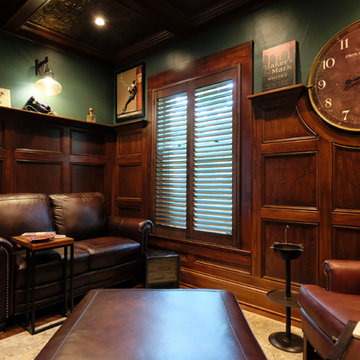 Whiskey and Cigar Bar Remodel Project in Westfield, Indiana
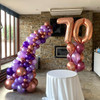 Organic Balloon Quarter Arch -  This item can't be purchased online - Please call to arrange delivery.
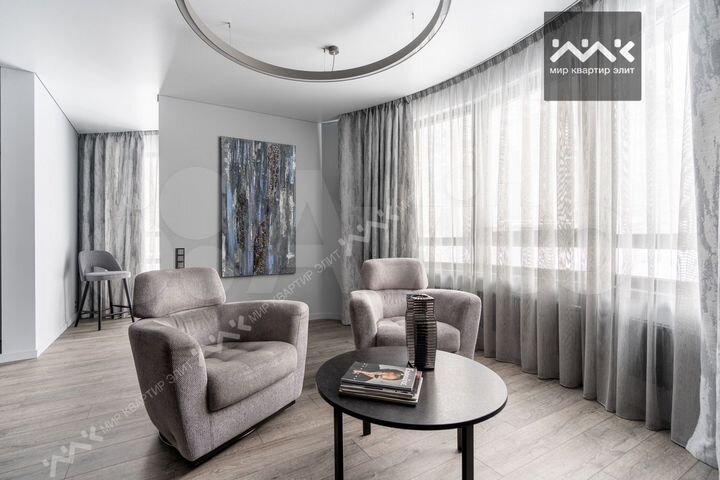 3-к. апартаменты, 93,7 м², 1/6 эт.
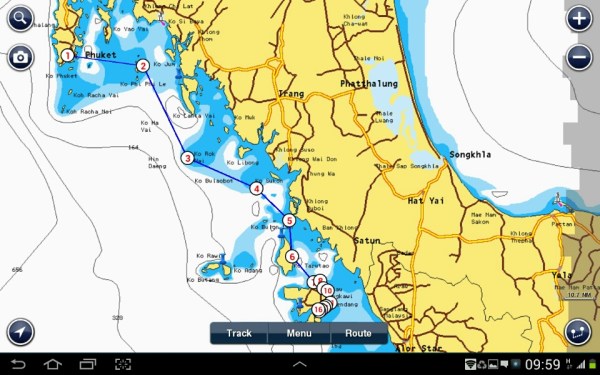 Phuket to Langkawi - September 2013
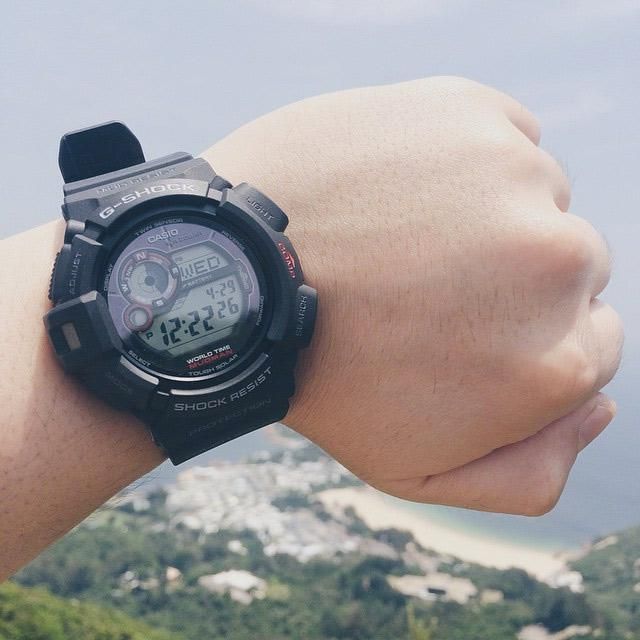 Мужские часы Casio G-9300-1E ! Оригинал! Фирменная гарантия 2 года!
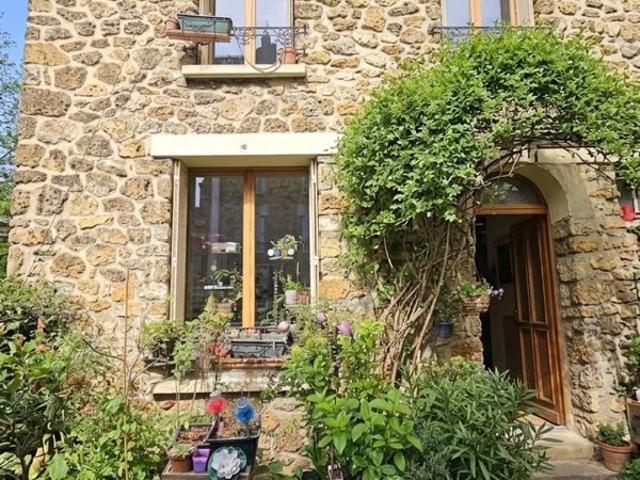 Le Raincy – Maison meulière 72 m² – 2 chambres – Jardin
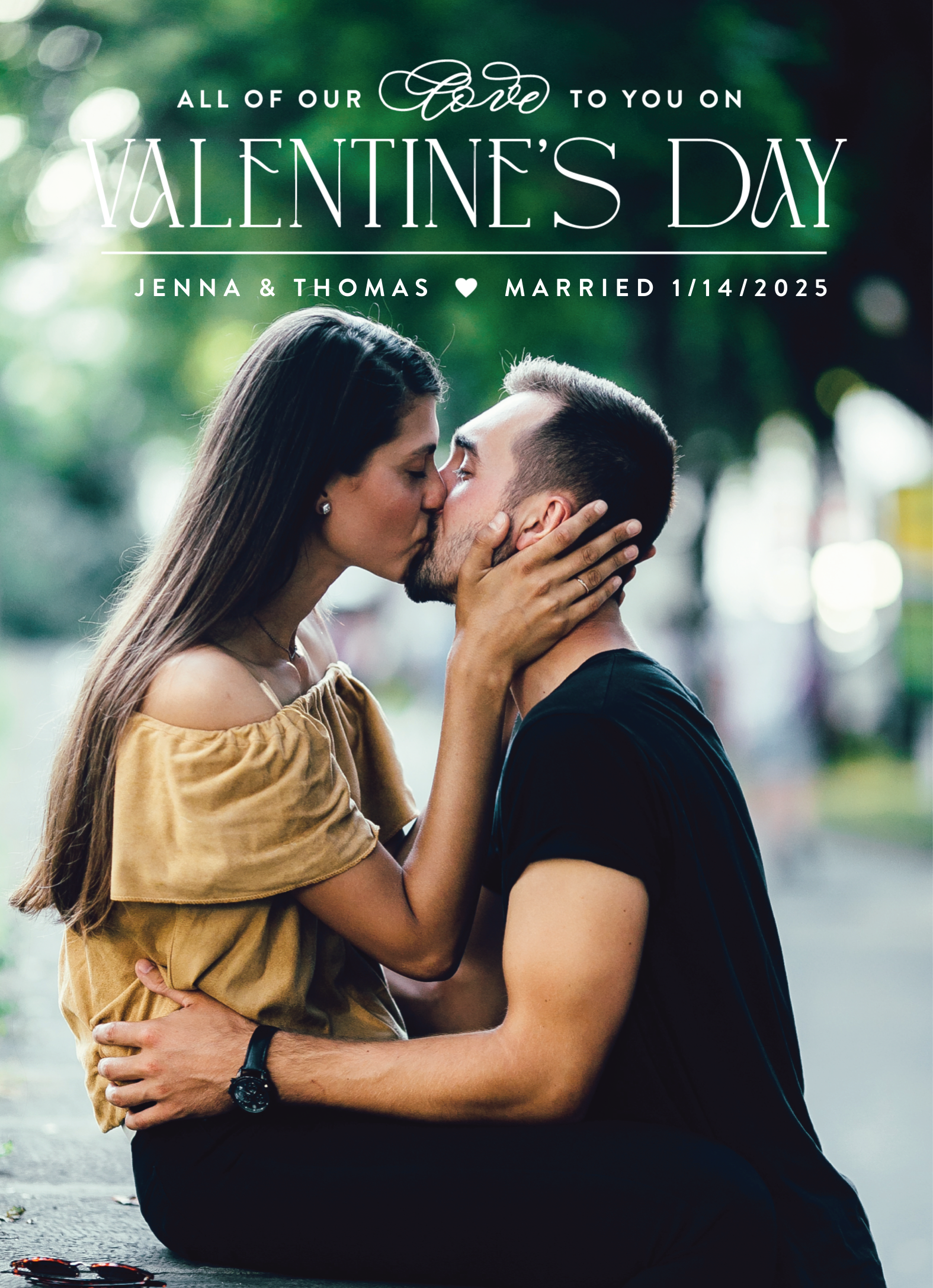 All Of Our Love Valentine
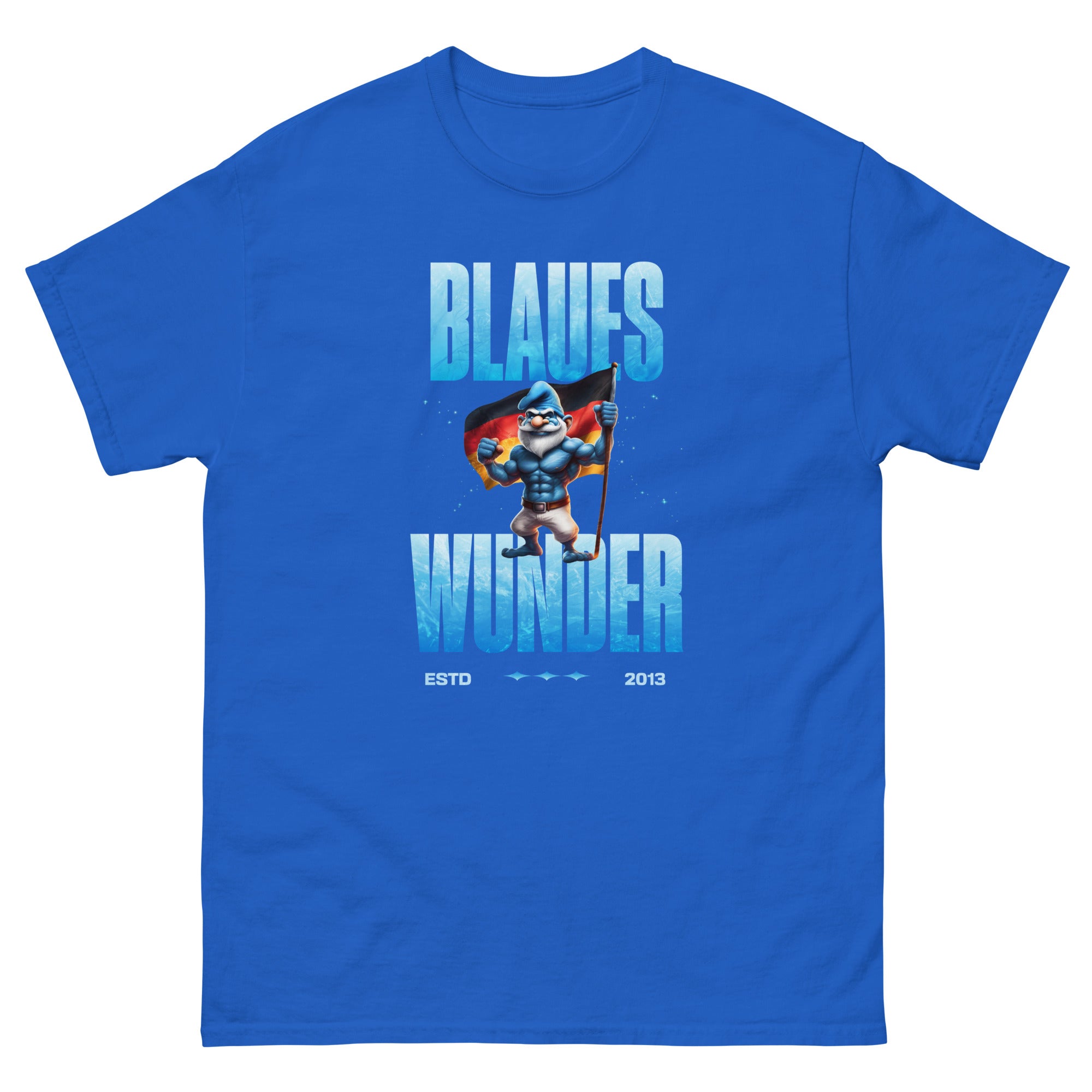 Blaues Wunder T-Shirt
- - -
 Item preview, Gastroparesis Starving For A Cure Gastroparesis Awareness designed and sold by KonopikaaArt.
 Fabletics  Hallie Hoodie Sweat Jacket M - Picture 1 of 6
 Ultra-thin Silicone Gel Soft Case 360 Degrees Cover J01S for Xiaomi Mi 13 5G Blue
- - -
**WHAT YOU WILL DO**
Take the material above from the line bearing "Phuket to Langkawi - September 2013" through the line bearing "Blaues Wunder T-Shirt" and write it out exactly, both end lines included. Pictures stay out.

**SOLUTION TO THIS PROBLEM**
 Phuket to Langkawi - September 2013
 Мужские часы Casio G-9300-1E ! Оригинал! Фирменная гарантия 2 года!
 Le Raincy – Maison meulière 72 m² – 2 chambres – Jardin
 All Of Our Love Valentine
 Blaues Wunder T-Shirt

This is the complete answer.